Facebook and Linkedin to Offer Market Research?
It seems like the natural second monetizing scheme many dot-coms think of. First Advertising then Market Research. That was the case for me back in 2000 at the beginning of the dotcom boom. I was hired by Snowball.com (now IGN.com) to help start a market research vertical Iquestics.com. It was to be a new profit center, and we had about 1 year to do it before the VC money ran out (that was my own financial analysis which was off only by about a month). Snowball.com had 14 million 13-30 year old unique visitors per month then. It seemed to make sense to add market research on as a second revenue source after advertising. While we were able to get a few clients like AE, Visa, Microsoft, it wasn’t enough, fast enough. However, marketing research takes time to implement correctly.
Last week someone from Linkedin asked to set up a call with me to discuss market research on Linkedin. They were interested in speaking to a few of the better connected consumer insights professionals in the Linkedin group “Next Gen Marketing Research“. It seems they may very soon be making a “market research” (polling) function available much like what Facebook has been offering now for nearly a year.

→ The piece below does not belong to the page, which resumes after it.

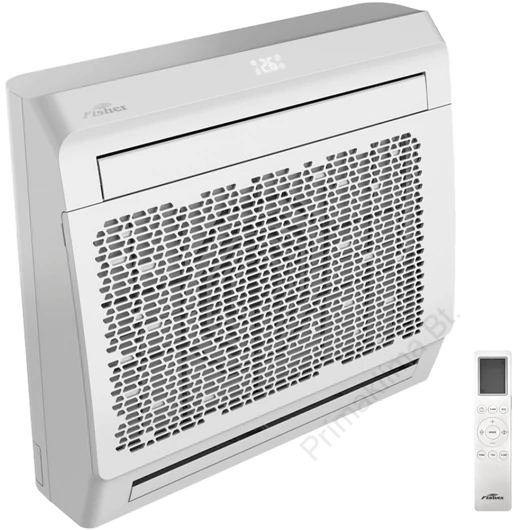 FISHER FSFUIF-120CE3/FSOIF-120CE3 (kültéri+beltéri egység) Padlóra állítható split klíma 3,5 kW, Inverter,Hősz, R32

For those not aware of Facebook polls it allows users to pay per response to ask a single question. You are limited to 5 answers. There are no other question types. You can filter sample by interests, gender, age, or location. Even these few filters are limited and you can not apply multiple filters. For instance, it is technically not possible to select females and age 13-17 at the same time. Also choices like location are limited to individual states or smaller countries (Luxembourg, Sweden). You can not select USA for instance.
Therefore this polling tool is not useful for actual consumer insights projects I work on. Though I have found it useful to flush out some ideas for proposals, or prior to giving a talk/speech on youth research (GenX2Z).
I think it will be interesting to see if Facebook and Linkedin will be able to provide more robust consumer insights tools to us in the future. For now though Anderson Analytics and other research firms will need to continue to build their own panels which contain users of these systems. There are a few ways to do this including advertising, or working with application developers (on Facebook).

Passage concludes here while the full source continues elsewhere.